# Homework Help: Partial Derivatives

1. Oct 2, 2009

### KillerZ

1. The problem statement, all variables and given/known data

Determine if the following differential equation is exact. If it is exact solve it.

2. Relevant equations

$$\left(\frac{1}{t} + \frac{1}{t^{2}} - \frac{y}{t^{2} + y^{2}}\right)dt + \left(ye^{y} + \frac{t}{t^{2} + y^{2}}\right)dy = 0$$

3. The attempt at a solution

I am a little rusty on my partial derivatives I am not sure if this is right.

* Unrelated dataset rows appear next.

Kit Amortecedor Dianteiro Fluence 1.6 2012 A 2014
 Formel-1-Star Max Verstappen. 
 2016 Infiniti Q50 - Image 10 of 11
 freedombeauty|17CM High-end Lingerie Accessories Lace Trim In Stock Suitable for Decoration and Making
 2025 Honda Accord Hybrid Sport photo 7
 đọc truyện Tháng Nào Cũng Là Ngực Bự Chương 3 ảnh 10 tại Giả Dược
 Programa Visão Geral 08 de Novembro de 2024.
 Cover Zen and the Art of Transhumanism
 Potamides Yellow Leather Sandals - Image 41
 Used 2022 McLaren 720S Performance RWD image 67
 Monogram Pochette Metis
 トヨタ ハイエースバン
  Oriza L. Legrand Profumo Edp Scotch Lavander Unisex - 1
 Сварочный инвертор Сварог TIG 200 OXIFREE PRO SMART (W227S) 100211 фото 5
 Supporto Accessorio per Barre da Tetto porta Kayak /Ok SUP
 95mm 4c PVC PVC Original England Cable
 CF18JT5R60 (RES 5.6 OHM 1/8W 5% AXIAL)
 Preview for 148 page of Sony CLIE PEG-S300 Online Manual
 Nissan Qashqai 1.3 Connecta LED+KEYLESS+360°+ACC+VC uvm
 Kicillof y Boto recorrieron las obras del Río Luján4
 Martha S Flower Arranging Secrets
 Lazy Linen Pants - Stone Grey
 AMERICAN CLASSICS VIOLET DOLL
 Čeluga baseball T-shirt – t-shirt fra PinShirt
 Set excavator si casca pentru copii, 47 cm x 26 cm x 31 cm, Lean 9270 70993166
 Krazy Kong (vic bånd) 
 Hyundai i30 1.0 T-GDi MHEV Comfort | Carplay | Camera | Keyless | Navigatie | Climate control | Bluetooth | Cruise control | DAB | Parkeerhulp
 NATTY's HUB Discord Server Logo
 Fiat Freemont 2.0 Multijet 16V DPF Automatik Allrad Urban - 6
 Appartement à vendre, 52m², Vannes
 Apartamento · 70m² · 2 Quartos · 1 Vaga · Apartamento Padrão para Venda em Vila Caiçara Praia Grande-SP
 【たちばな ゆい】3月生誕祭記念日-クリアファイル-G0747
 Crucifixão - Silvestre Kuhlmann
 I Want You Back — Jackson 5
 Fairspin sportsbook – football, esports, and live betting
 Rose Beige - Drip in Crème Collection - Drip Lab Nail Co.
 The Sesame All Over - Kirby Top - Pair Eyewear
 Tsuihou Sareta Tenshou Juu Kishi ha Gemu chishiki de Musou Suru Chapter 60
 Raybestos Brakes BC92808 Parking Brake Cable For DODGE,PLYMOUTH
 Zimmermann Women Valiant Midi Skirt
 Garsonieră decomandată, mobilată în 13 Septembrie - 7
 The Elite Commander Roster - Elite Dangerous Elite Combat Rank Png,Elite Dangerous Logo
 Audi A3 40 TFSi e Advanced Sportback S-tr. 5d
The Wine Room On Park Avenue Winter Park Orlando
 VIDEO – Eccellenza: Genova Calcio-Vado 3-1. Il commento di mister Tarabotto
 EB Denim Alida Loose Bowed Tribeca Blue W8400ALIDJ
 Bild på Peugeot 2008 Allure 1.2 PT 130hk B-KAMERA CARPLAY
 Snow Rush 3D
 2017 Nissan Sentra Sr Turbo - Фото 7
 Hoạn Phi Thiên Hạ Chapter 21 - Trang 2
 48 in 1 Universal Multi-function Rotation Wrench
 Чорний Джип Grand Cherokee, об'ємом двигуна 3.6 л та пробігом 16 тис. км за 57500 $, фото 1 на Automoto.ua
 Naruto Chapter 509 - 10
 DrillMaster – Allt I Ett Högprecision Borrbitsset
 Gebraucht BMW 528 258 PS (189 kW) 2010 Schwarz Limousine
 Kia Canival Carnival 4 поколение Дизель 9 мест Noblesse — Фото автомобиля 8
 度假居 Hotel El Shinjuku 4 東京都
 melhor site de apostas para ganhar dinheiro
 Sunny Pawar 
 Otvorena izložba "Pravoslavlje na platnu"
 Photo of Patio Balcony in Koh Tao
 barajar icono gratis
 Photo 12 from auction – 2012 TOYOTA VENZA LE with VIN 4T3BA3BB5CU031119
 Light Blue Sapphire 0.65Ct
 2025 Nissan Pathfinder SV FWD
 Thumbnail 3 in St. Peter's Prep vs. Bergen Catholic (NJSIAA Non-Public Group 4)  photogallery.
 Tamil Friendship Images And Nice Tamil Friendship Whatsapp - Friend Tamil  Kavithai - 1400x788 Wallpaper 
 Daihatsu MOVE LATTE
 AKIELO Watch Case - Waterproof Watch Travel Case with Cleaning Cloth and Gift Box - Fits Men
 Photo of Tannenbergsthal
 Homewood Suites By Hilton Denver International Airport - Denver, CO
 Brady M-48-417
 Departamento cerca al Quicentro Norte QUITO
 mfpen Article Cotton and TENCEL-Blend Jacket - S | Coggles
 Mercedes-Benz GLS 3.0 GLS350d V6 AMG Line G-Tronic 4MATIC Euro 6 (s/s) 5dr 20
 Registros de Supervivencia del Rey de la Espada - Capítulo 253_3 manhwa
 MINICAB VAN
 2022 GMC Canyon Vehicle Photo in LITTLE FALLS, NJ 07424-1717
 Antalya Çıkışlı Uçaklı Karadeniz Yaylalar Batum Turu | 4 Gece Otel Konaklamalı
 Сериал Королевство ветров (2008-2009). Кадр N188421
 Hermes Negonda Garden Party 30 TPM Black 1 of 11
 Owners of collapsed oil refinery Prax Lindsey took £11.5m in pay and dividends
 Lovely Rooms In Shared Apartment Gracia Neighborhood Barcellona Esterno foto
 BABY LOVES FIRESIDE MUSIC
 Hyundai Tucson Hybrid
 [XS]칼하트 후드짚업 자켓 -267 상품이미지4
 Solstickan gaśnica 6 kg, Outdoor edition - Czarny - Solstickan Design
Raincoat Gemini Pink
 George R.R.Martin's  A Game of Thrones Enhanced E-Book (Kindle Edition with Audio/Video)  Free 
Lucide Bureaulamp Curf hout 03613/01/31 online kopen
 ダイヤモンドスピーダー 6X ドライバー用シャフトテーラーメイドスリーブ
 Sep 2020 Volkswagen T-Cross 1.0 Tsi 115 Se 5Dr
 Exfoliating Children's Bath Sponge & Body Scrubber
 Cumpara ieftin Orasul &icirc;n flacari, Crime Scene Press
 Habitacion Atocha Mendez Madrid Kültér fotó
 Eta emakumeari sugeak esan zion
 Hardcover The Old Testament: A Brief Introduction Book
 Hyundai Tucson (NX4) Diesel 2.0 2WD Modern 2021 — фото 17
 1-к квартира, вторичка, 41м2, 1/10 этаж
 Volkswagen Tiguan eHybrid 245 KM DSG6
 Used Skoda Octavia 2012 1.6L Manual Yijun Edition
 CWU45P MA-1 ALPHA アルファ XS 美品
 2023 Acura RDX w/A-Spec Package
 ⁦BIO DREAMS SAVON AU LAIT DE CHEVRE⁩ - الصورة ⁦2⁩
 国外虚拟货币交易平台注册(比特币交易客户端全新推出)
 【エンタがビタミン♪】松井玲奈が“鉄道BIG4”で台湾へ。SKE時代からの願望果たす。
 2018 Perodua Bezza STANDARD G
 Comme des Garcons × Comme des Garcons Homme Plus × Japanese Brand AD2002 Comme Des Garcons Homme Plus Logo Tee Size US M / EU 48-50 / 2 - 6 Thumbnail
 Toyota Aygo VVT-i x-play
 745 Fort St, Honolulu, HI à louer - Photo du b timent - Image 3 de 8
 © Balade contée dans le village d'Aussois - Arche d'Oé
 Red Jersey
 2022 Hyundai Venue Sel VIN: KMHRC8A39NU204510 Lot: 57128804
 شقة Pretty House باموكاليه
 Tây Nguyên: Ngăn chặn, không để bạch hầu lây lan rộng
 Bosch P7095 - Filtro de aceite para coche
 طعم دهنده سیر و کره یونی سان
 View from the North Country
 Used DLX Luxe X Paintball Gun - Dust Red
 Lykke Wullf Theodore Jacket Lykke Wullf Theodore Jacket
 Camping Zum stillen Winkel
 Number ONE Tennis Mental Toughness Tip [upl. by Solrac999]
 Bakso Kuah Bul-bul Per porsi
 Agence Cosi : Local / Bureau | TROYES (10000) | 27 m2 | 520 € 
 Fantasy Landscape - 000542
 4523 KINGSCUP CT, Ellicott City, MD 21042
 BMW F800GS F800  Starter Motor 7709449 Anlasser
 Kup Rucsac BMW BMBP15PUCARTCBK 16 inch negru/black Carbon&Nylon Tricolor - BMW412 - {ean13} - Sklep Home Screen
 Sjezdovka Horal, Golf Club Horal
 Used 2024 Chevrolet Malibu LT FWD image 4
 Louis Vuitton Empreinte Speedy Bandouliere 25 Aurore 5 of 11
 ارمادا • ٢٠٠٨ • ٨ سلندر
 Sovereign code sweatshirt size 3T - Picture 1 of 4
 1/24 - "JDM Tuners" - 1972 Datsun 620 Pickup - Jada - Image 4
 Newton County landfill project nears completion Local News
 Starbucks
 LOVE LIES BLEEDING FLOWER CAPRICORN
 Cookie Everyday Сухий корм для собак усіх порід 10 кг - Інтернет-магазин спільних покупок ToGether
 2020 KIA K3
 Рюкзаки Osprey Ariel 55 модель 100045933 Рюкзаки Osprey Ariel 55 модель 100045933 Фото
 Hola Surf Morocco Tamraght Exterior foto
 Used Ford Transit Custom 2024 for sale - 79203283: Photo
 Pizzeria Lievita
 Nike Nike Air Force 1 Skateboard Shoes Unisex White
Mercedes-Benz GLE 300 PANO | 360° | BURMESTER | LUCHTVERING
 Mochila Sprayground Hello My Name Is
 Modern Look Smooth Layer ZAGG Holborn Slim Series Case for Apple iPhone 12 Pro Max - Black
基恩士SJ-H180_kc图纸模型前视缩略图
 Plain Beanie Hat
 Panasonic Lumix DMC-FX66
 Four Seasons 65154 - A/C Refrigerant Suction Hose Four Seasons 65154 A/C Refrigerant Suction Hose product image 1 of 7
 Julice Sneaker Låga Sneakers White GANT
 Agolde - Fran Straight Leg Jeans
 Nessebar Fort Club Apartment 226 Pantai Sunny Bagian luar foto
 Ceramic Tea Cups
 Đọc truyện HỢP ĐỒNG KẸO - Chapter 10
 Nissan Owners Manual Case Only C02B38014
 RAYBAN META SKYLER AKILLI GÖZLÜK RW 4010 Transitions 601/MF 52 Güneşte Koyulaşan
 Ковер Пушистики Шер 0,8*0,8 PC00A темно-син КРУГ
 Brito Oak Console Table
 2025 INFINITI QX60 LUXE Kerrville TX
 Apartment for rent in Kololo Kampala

$$M(t, y) = \frac{1}{t} + \frac{1}{t^{2}} - \frac{y}{t^{2} + y^{2}}$$

$$N(t, y) = ye^{y} + \frac{t}{t^{2} + y^{2}}$$

$$\frac{\partial M}{\partial y} = -y[-(t^{2} + y^{2})^{-2}(2y)] - (t^{2} + y^{2})^{-1}$$

$$\frac{\partial N}{\partial t} = t[-(t^{2} + y^{2})^{-2}(2t)] + (t^{2} + y^{2})^{-1}$$

2. Oct 2, 2009

### Dick

Looks good so far. You'll have to do some simplifying to see if they are the same. Put them over a common denominator.

3. Oct 2, 2009

### KillerZ

$$-y[-(t^{2} + y^{2})^{-2}(2y)] - (t^{2} + y^{2})^{-1} = t[-(t^{2} + y^{2})^{-2}(2t)] + (t^{2} + y^{2})^{-1}$$

$$-y\left[-\frac{2y}{(t^{2} + y^{2})^{2}}\right] - \frac{1}{t^{2} + y^{2}} = t\left[-\frac{2t}{(t^{2} + y^{2})^{2}}\right] + \frac{1}{t^{2} + y^{2}}$$

$$\frac{2y^{2}}{(t^{2} + y^{2})^{2}} + \frac{2t^{2}}{(t^{2} + y^{2})^{2}} = \frac{1}{t^{2} + y^{2}} + \frac{1}{t^{2} + y^{2}}$$

$$\frac{2y^{2} + 2t^{2}}{(t^{2} + y^{2})^{2}} = \frac{2}{t^{2} + y^{2}}$$

$$\frac{2y^{2} + 2t^{2}}{t^{2} + y^{2}} = 2$$

$$2y^{2} + 2t^{2} = 2y^{2} + 2t^{2}$$ They are exact.

Last edited: Oct 2, 2009
4. Oct 2, 2009

### KillerZ

To finish it:

$$\frac{\partial f}{\partial t} = \frac{1}{t} + \frac{1}{t^{2}} - \frac{y}{t^{2} + y^{2}}$$

$$\frac{\partial f}{\partial y} = ye^{y} + \frac{t}{t^{2} + y^{2}}$$

$$f(t,y) = \int\left(\frac{1}{t} + \frac{1}{t^{2}} - \frac{y}{t^{2} + y^{2}}\right)dt + \Phi(y)$$

$$f(t,y) = ln|t| - \frac{1}{t} - tan^{-1}\left(\frac{t}{y}\right) + \Phi(y)$$

$$\frac{\partial f}{\partial y} = 0 - 0 + \frac{t}{y^{2} + t^{2}} + \frac{d\Phi}{dy} = ye^{y} + \frac{t}{t^{2} + y^{2}}$$

$$\frac{d\Phi}{dy} = ye^{y}$$

$$\Phi = \int\left(ye^{y}\right)dy + c$$

$$\Phi = ye^{y} - e^{y} + c$$

$$f(t,y) = ln|t| - \frac{1}{t} - tan^{-1}\left(\frac{t}{y}\right) + ye^{y} - e^{y} + c$$

5. Oct 2, 2009

### Dick

Sure. Well done!

6. Oct 2, 2009

### KillerZ

Thanks for the help.